Bruce Sundlun’s colorful relationship with the press
As made clear by the many tributes to former Governor Bruce Sundlun, who died yesterday at age 91, Sundlun was a larger-than-life character who injected his forceful persona into just about every aspect of his life. His dealings with the media were no exception.
Larry Berman, now the spokesman for House Speaker Gordon Fox, was editor of the Call of Woonsocket for part of Sundlun’s tenure as governor from 1991 to 1995. Berman recalls frequently being on the receiving end of Sundlun’s journalistic critiques, receiving home phones calls from the governor on nights and weekends:””He would call — ‘Berman you’re full of [expletive], you don’t know what you’re talking about.’ ”
On another occasion, during an autumn parade in Woonsocket, Sundlun stepped out of the parade line to upbraid Berman as the editor’s family looked on.
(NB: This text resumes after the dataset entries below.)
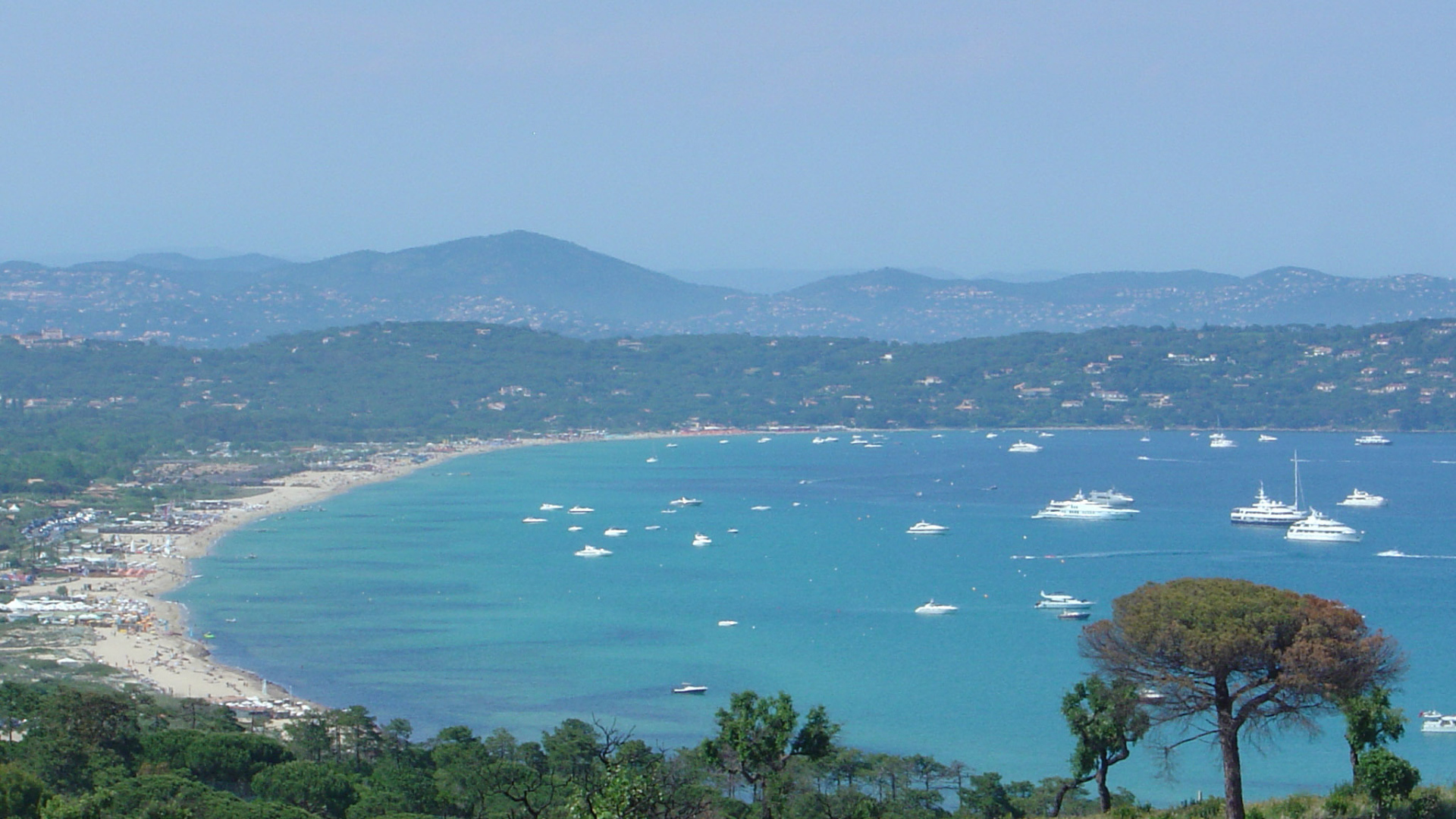 Голубая лагуна на курорте Сен-Тропе, Франция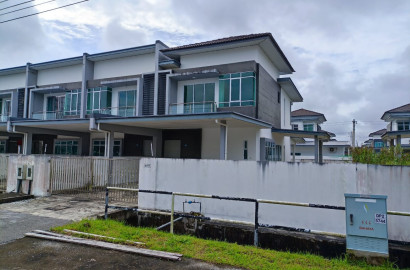 Double Storey Terrace Corner For Sale @ City Garden (Samarahan Midway)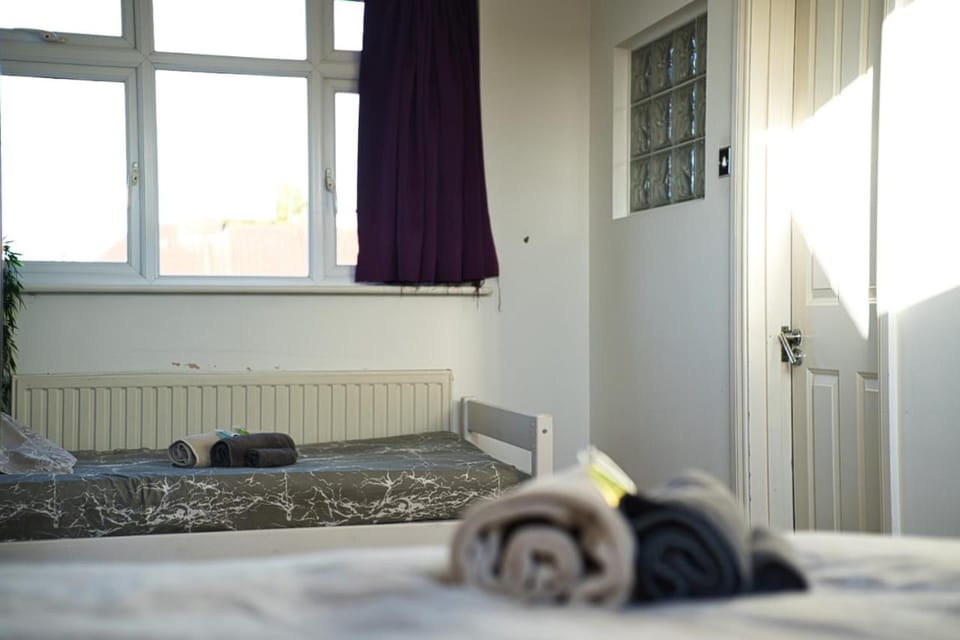 Immaculate Condition 3 Bed En-Suite Refurbished House Villa in Ilford
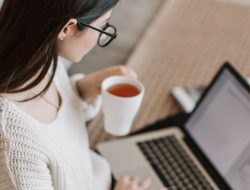 Ramalan Karier 12 Zodiak, Jumat 28 November 2025: Capricorn Dapat Promosi, Aquarius Bercahaya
These kind of stories are legion — and it’s telling that Berman recalls them quite fondly.
Ted Nesi got some related thoughts about Sundlun from former ProJo political columnist M. Charles Bakst:
During his governorship, my title at The Journal was Government Affairs Editor. I wrote a Sunday column and oversaw the State House Bureau. Sundlun regularly peppered me with letters and phone calls complaining about something I wrote, or the reporters wrote, or we didn’t cover – whatever. On the other hand, he liked to schmooze, could be quick with a compliment, and, always, for all the decades I knew him, even until recently, was a terrific raconteur.
Bakst has also spoken of how Sundlun put journalists “in the penalty box” — freezing them out for a period of time before accepting them back into his good graces.
Sundlun was a fomer media executive, a guy who once ran the Outlet Company, which owned more than a dozen TV and radio stations. As I reported in 2006, Sundlun tried three years earlier to buy the Providence Journal:
In 2003, former Governor Bruce Sundlun wrote a letter to Robert Decherd, the CEO of the Dallas-based Belo Corporation, expressing his interest in restoring local ownership of the Providence Journal. While Sundlun cited “no complaints about the paper,” “it is obvious that the newspaper management has been cutting expenses,” he observed, ultimately concluding, “My reaction as a Rhode Islander is that the state would be better off if [the ProJo] was owned by a representative group of Rhode Islanders.”
The effort went nowhere — Decherd “wrote me back a very curt letter,” Sundlun told me, “saying they had no interest in selling.”